### TASK TO COMPLETE
Without any images, write the listing below out word for word.
------------------------------------------------
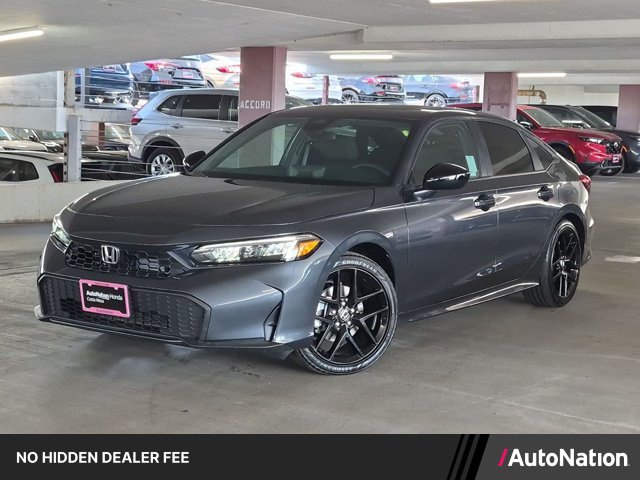 Used 2026 Honda Civic FWD Hybrid Sedan image 1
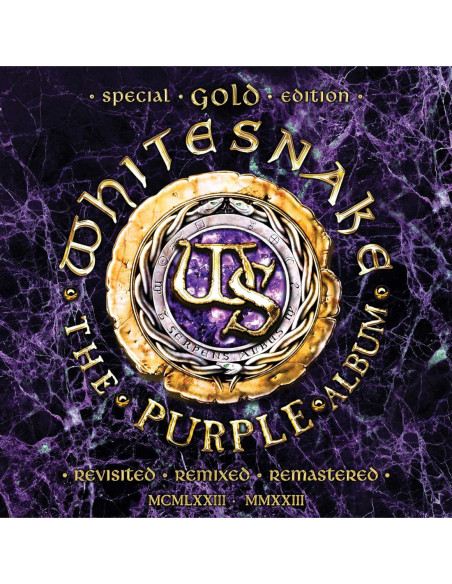 Whitesnake - The Purple Album: Special Gold Edition (2 Cd - Blu-Ray) - (CD)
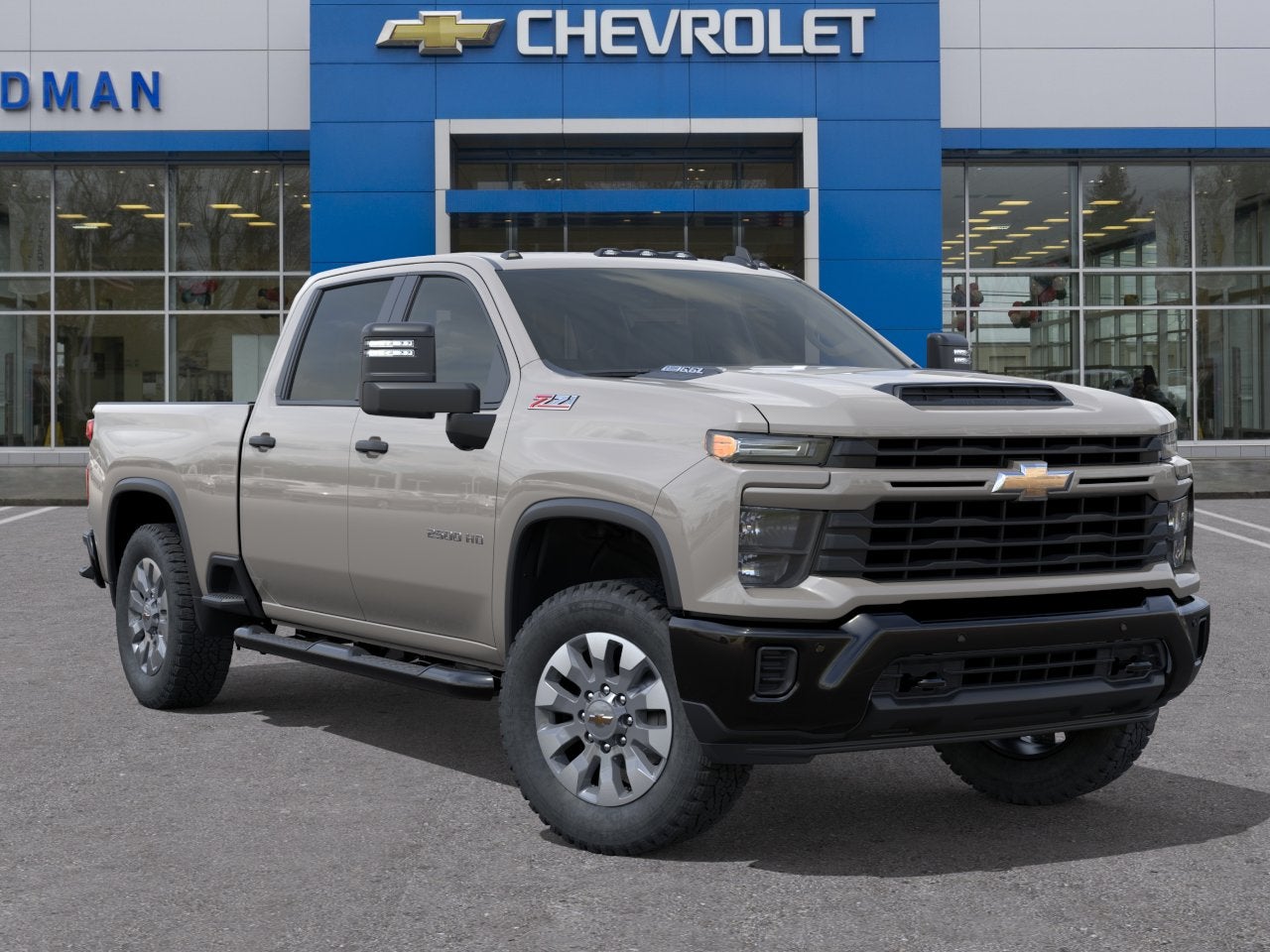 2026 Chevrolet Silverado 2500 HD Custom
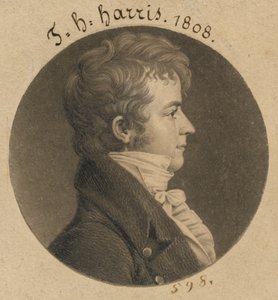 Robert Gamble, Jr. alkotó: Charles Balthazar Julien Févret de Saint-Mémin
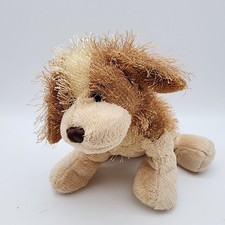 Ganz Webkinz Cocker Spaniel Dog Plush 8" Brown Fur Stitched Nose HM011 No Code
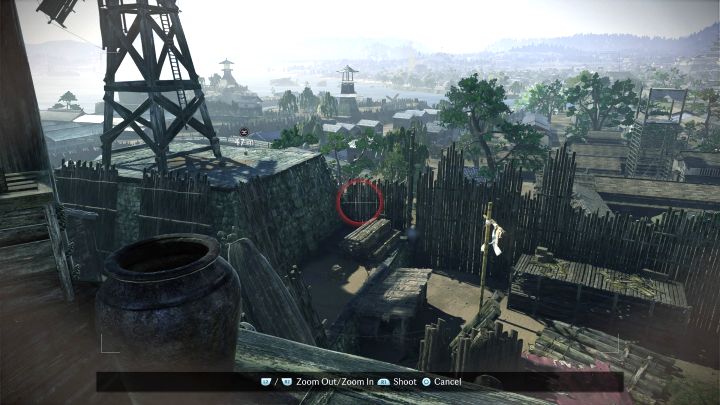 Korzystajcie z liny z kotwiczką, by chwytać się (czasami w locie) kolejnych zaczepów - Rise of the Ronin: Wszystkie zdjęcia w regionie Edo - Rise of the Ronin - poradnik do gry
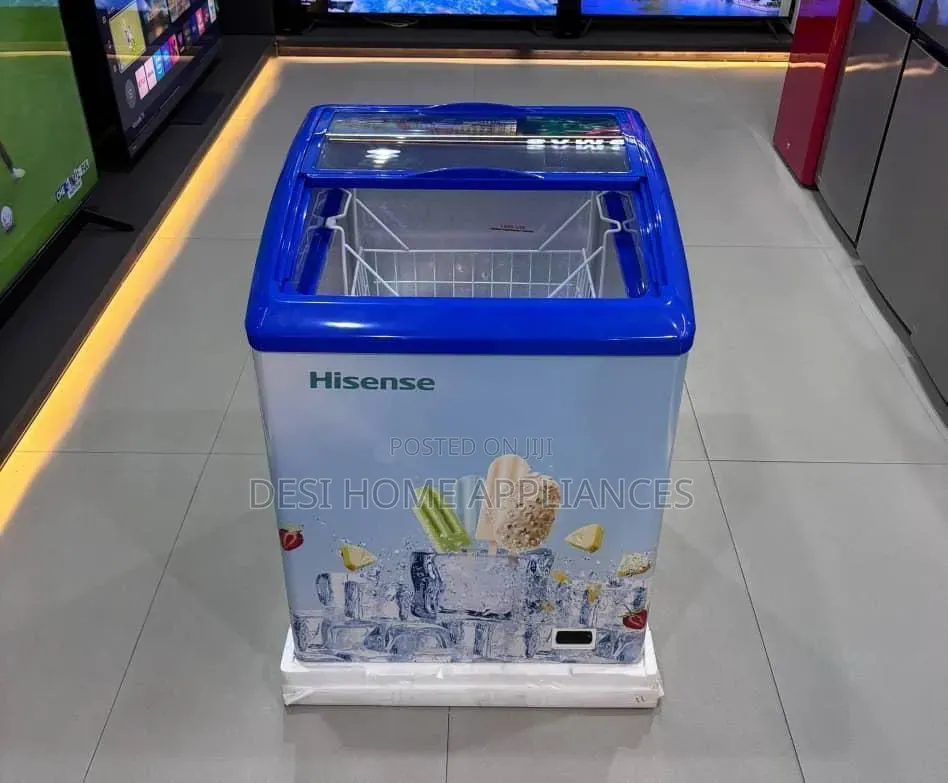 Offer**Hisense Display Freezer Fc-20dd (154l)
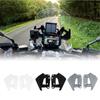 1 Pair ABS Windshield Windscreen Side Panel Deflector Fit for BMW R1300GS Motorcycle Accessories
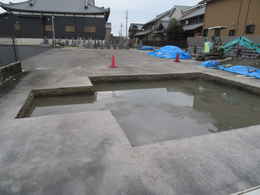 愛西市西光寺鐘楼堂・鐘撞堂の作り方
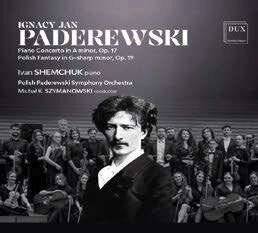 Diapason 748 IGNACY JAN PADEREWSKI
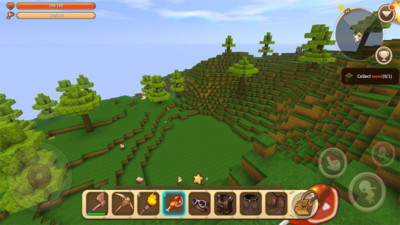 创造像素地球截图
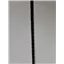 Ribbon 3mm Blacksatin Silver Edge - photo 2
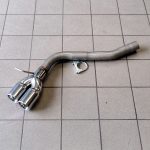 BMW 318d / 320d E90 Rear Silencer Delete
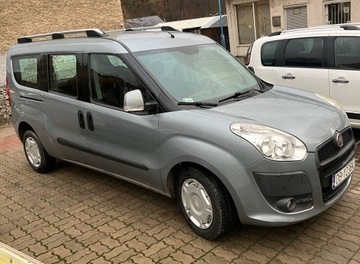 Fiat Doblo III Cargo 1.3 Multijet II 16v 90KM 2012 Fiat Doblo Long 1.3 Maxi czujniki parkowania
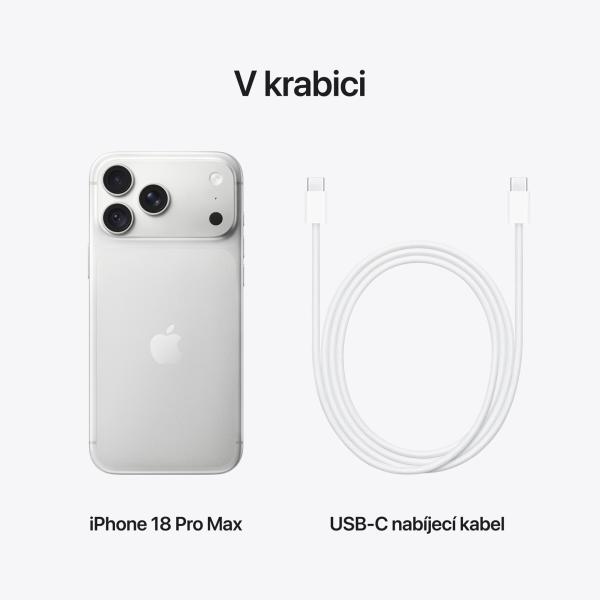 Apple iPhone 18 Pro Max/ 2TB/ Silver 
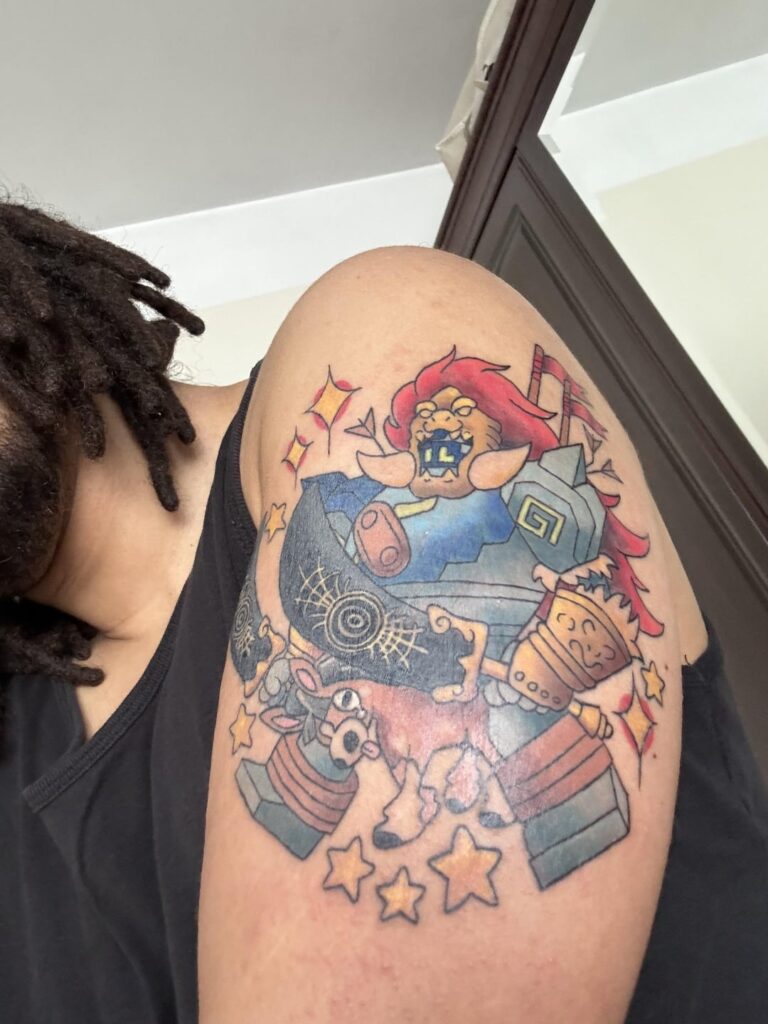 Tattoos I got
------------------------------------------------
### EXERCISE ANSWER
 Used 2026 Honda Civic FWD Hybrid Sedan image 1
 Whitesnake - The Purple Album: Special Gold Edition (2 Cd - Blu-Ray) - (CD)
 2026 Chevrolet Silverado 2500 HD Custom
 Robert Gamble, Jr. alkotó: Charles Balthazar Julien Févret de Saint-Mémin
 Ganz Webkinz Cocker Spaniel Dog Plush 8" Brown Fur Stitched Nose HM011 No Code
 Korzystajcie z liny z kotwiczką, by chwytać się (czasami w locie) kolejnych zaczepów - Rise of the Ronin: Wszystkie zdjęcia w regionie Edo - Rise of the Ronin - poradnik do gry
 Offer**Hisense Display Freezer Fc-20dd (154l)
 1 Pair ABS Windshield Windscreen Side Panel Deflector Fit for BMW R1300GS Motorcycle Accessories
 愛西市西光寺鐘楼堂・鐘撞堂の作り方
 Diapason 748 IGNACY JAN PADEREWSKI
 创造像素地球截图
 Ribbon 3mm Blacksatin Silver Edge - photo 2
 BMW 318d / 320d E90 Rear Silencer Delete
 Fiat Doblo III Cargo 1.3 Multijet II 16v 90KM 2012 Fiat Doblo Long 1.3 Maxi czujniki parkowania
 Apple iPhone 18 Pro Max/ 2TB/ Silver 
 Tattoos I got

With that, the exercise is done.